Publication Date : 2017-06-15
Author : Zlotnicki, J.Vargemezis, G.Johnston, M. J. S.Sasai, Y.Reniva, P.Alanis, P.
Countries : Philippines
Disaster Management Theme :
Disaster Type : Volcano
Document Type : Research Paper
Languange : en
Link : http://www.sciencedirect.com/science/article/pii/S0377027317300197
Taal volcano is one of the most dangerous volcanoes in the Philippines. Thirty-three eruptions have occurred through historical time with several exhibiting cataclysmic phases. Most recent eruptions are confined to Volcano Island located within the prehistoric Taal collapse caldera that is now filled by Taal Lake. The last eruptive activity from 1965 to 1977 took place from Mt. Tabaro, about 2 km to the southwest of the Main Crater center.
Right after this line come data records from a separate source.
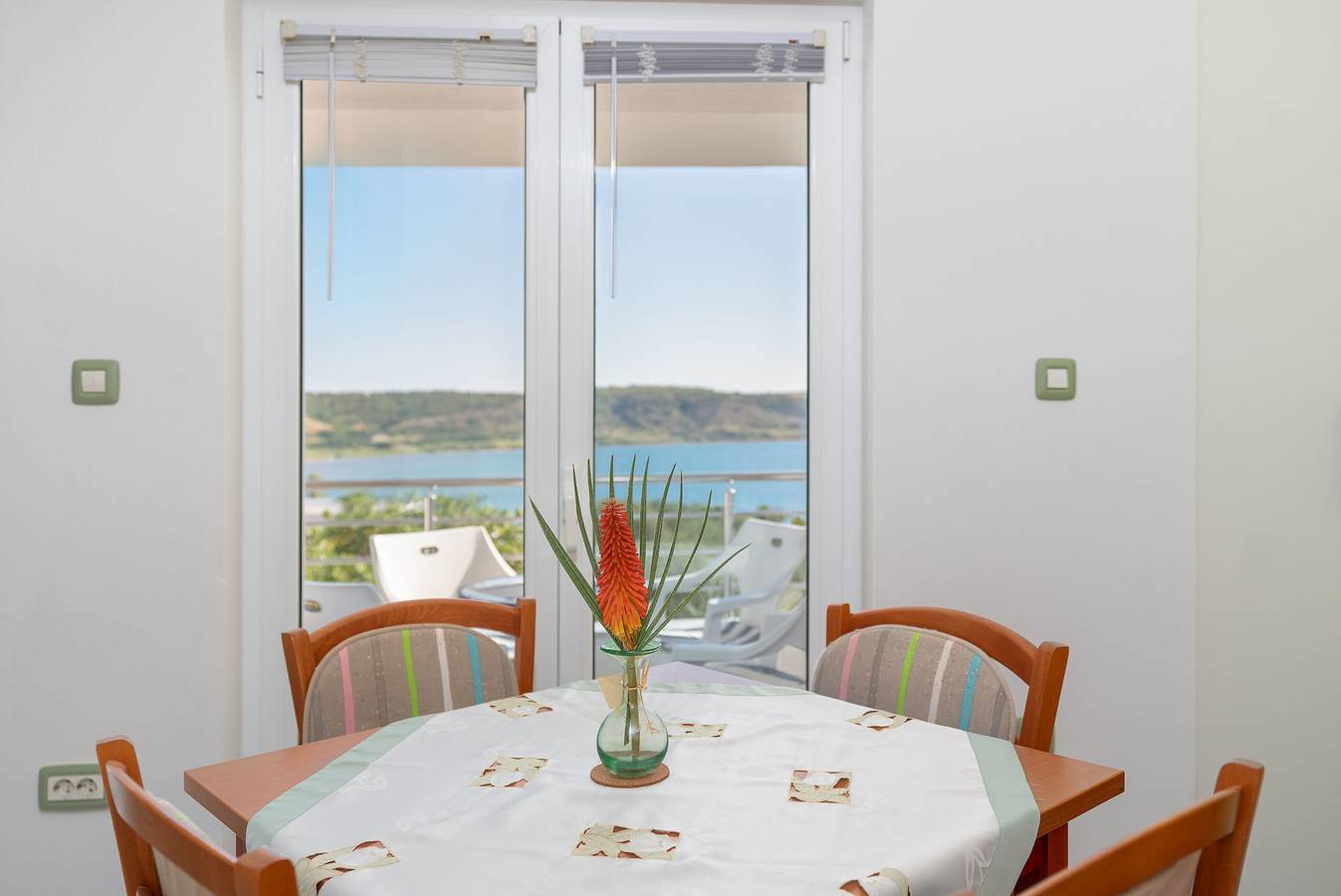 Ganze Wohnung, Apartments Marietta in Rtina, Zadar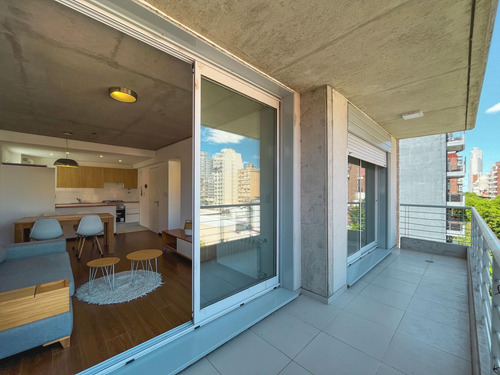 Loft Y 1 Dormitorio En Zona Río A Estrenar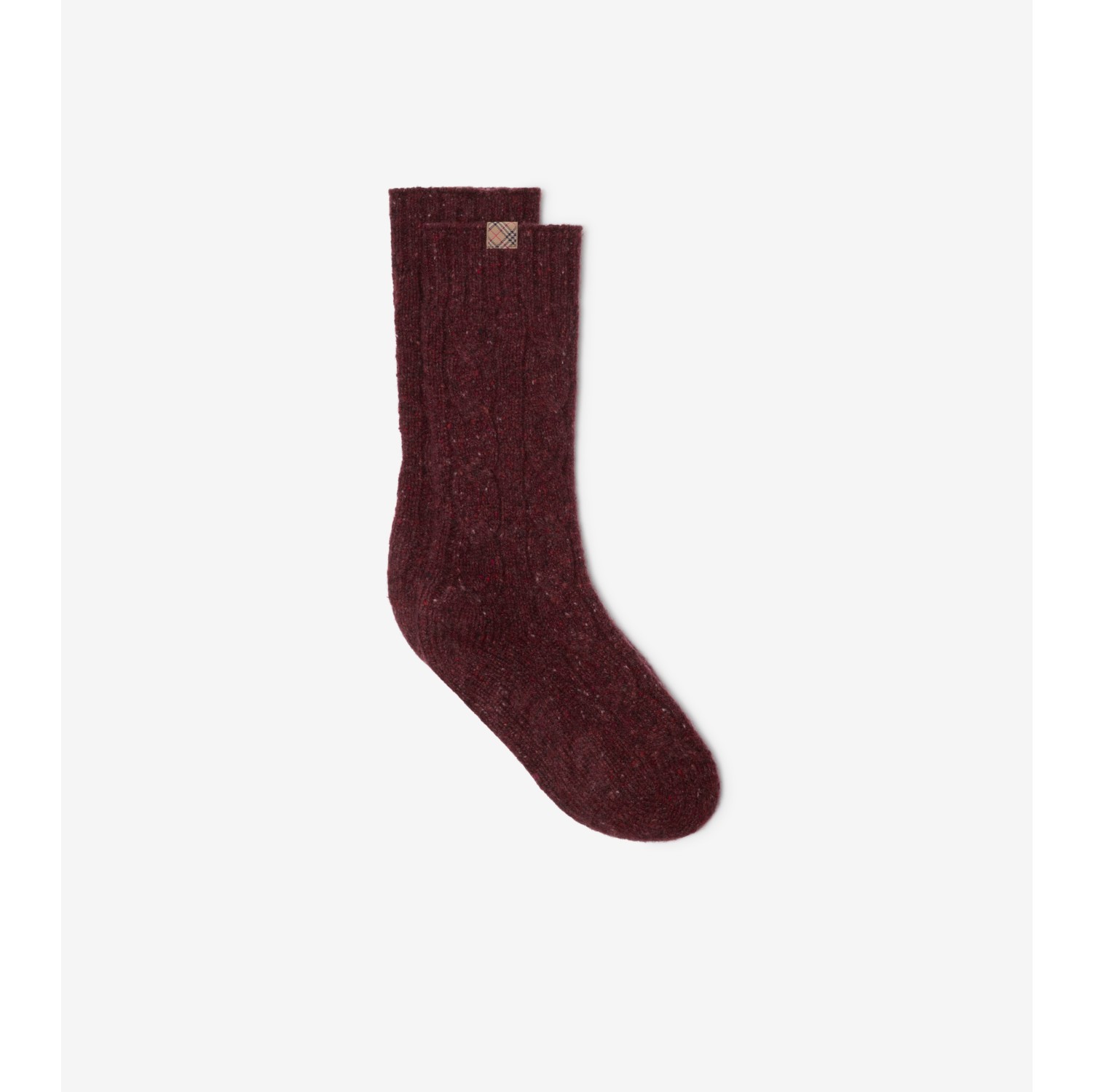 Cashmere Socks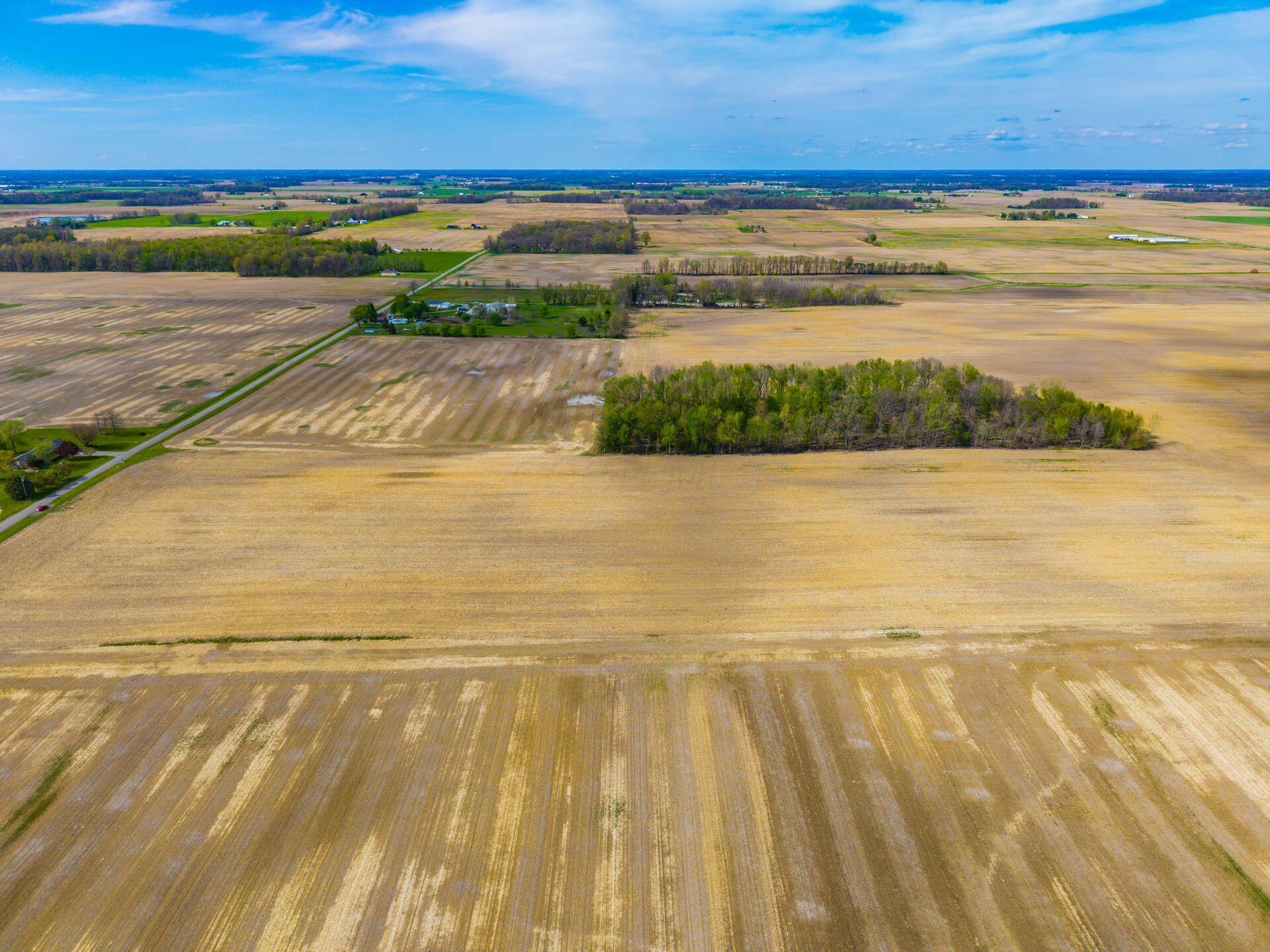 0 Fields Road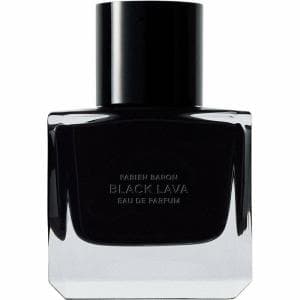 Black Lava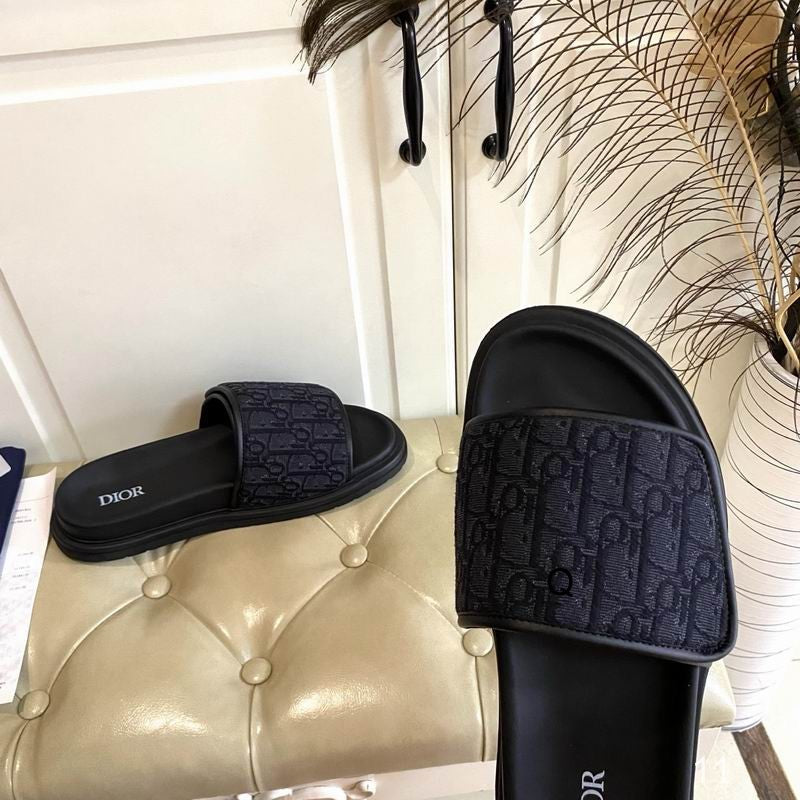 Slippers Dior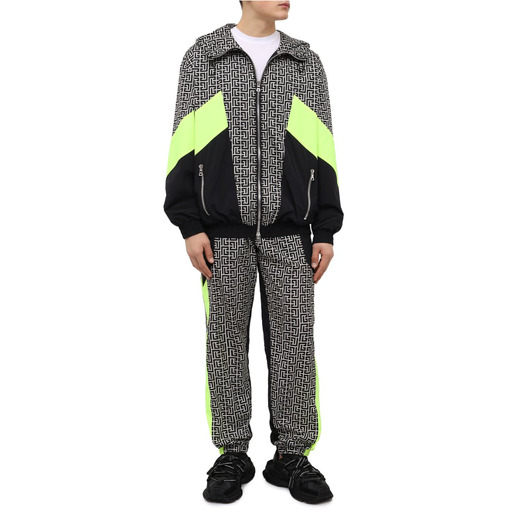 balmain - Jackets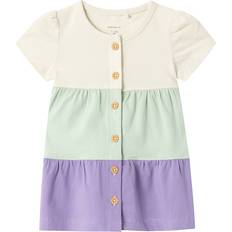 1-3M Klänningar Name It Nbfjomai Ss Dress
Since this time, episodes of seismic activity, ground deformation, gas release, surface fissuring, fumarole activity and temperature changes are recorded periodically around the main crater, but no major eruption has occurred. This period of quiescence is the third longest period without eruptive activity since 1572. In March 2010, a campaign based on Very-Low-Frequency (VLF) resistivity surveys together with repeated surveys of self-potential, ground temperature and fissure activity was intensified and the results compared to a large-scale Electrical Resistivity Tomography experiment. This work fortunately occurred before, within and after a new seismovolcanic crisis from late April 2010 to March 2011. The joint analysis of these new data, together with results from previous magnetotelluric soundings, allows a better description of the electrical resistivity and crustal structure beneath the Main Crater down to a depth of several kilometers. No indication of growth of the two geothermal areas located on both sides of the northern crater rim was apparent from 2005 to March 2010. These areas appear controlled by active fissures, opened during the 1992 and 1994 crises, that dip downward towards the core of the hydrothermal system located at about 2.5 km depth beneath the crater. Older mineralized fissures at lower elevations to the North of the geothermal areas also dip downward under the crater. Repeated self-potential and ground temperature surveys completed between 2005 and 2015 show new geothermal and hydrothermal activity in the areas of these older mineralized fissures that occurred during the April 2010 to March 2011 seismovolcanic crisis. This dramatically extends the geothermal activity further to the North on the volcano. The occurrence of these newly activated fissures after a long period of quiescence and indications of inflation in mid-2010 under the North rim of the Main Crater suggests that new eruptive activity near the North rim of the crater could occur in the future.